- Movie poster
- সত্যের মৃত্যু নেই
- Directed by: Chatku Ahmed
- Screenplay by: Chatku Ahmed
- Story by: Abdullah Zahir Babu
- Starring: Salman Shah Shahnaz
- Cinematography: Shahidullah Dulal
- Edited by: Monir Hossain Abul
- Music by: Alauddin Ali
- Production company: Anand Movies
- Release date: 14 September 1996;
- Country: Bangladesh
- Box office: 11.5 Cr

= Sotter Mrittu Nei =

1996 Bengali film

Sotter Mrittu Nei is a 1996 Bangladeshi film directed by Chatku Ahmed starring Salman Shah and Shahnaz.

==Plot==
Joy accepts a murder he didn't commit to save his mother's reputation from being found out by the public that she lied about his involvement.
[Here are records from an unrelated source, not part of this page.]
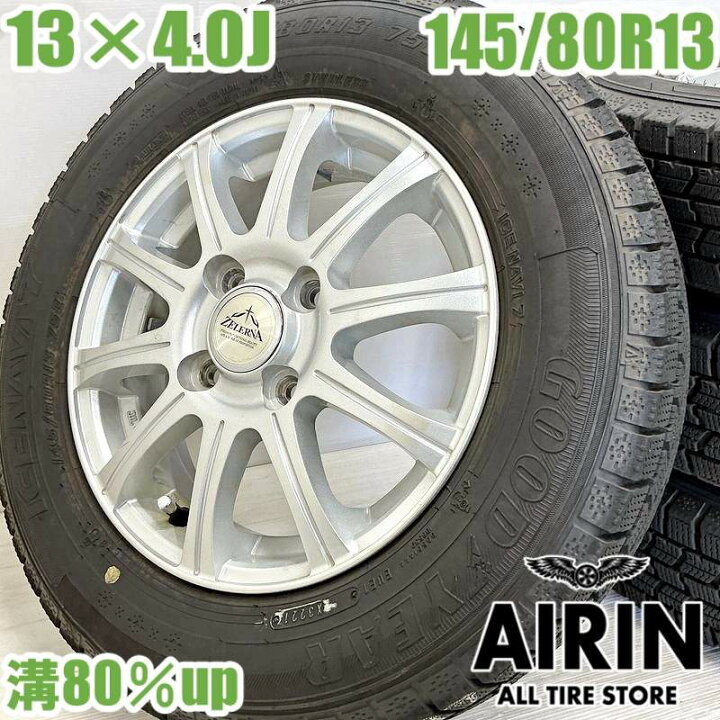 楽天市場】中古 145/80R13 タイヤホイール 4本セットGOODYEAR ICE NAVI 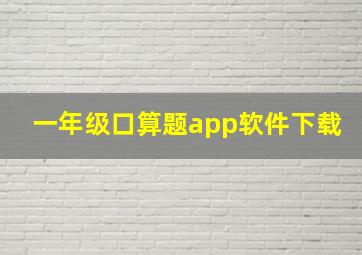 一年级口算题app软件下载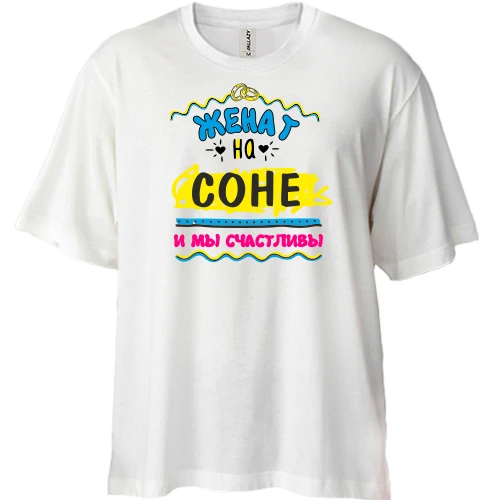 Футболка двунитка Oversize с надписью "женат на Соне"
However, she saves him from being hanged for the crime after proving his innocence.

==Cast==
- Salman Shah as Joy
- Shahnaz as Brishti
- Alamgir as Joy's father
- Shabana as Salma, Joy's mother
- Shahrukh Shah as Rana
- Anwar Hossain as Joy's grandfather
- Raisul Islam Asad
- Rajib as Khan E Ali Khan
- Misha Sawdagor as Tiger, Khan E Ali Khan's son
- Tushar Khan
- Babul Ahmed
- Alka Sarkar
- Sharmin
- Zamilur Rahman Saka
- Dulal Sarkar
- Shila Ahmed
- Sanowar Morshed
- Azharul Islam Khan
- Mozid Bongobashi
- Syed Akhter Ali
- Fokira

== Screenings ==
The film was screened in 2017 as part of the Bangladesh Film Festival and in 2019 to celebrate what would have been the 48th birthday of Salman Shah.